= AIM OF THE TASK =
Go to the line with "Fahrradbrille Red Bull" in the material below and copy from there through the line with "<strong>Зажим на половые", exactly. Pictures are not copied.

── DATA LISTING

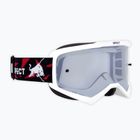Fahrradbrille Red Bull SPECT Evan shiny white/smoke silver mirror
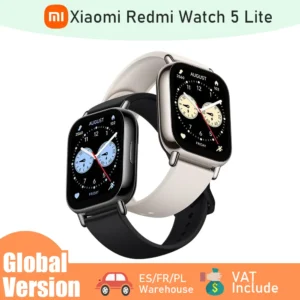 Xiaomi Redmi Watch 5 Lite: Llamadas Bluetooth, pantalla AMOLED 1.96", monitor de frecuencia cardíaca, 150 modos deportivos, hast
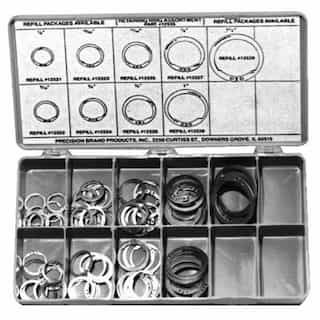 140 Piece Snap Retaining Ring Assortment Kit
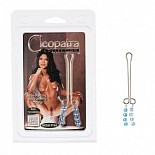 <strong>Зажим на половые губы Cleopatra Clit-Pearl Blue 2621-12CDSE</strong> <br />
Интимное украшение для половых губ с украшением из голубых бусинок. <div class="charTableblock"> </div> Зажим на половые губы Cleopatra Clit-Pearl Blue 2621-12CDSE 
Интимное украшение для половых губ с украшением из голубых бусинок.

────
── DATA LISTING

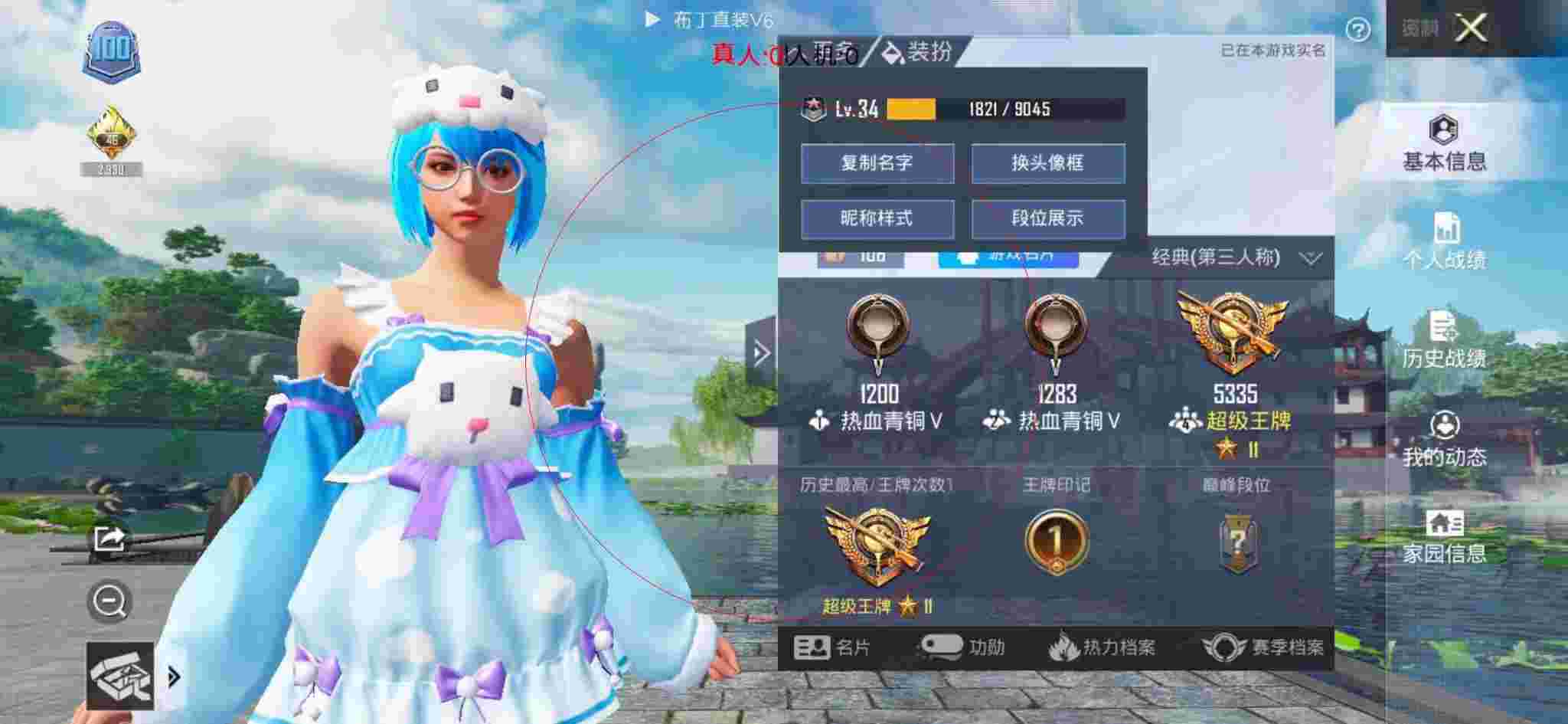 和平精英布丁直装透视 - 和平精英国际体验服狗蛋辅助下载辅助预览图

────

= WRITTEN RESPONSE =
Fahrradbrille Red Bull SPECT Evan shiny white/smoke silver mirror
 Xiaomi Redmi Watch 5 Lite: Llamadas Bluetooth, pantalla AMOLED 1.96", monitor de frecuencia cardíaca, 150 modos deportivos, hast
 140 Piece Snap Retaining Ring Assortment Kit
 <strong>Зажим на половые губы Cleopatra Clit-Pearl Blue 2621-12CDSE</strong> <br />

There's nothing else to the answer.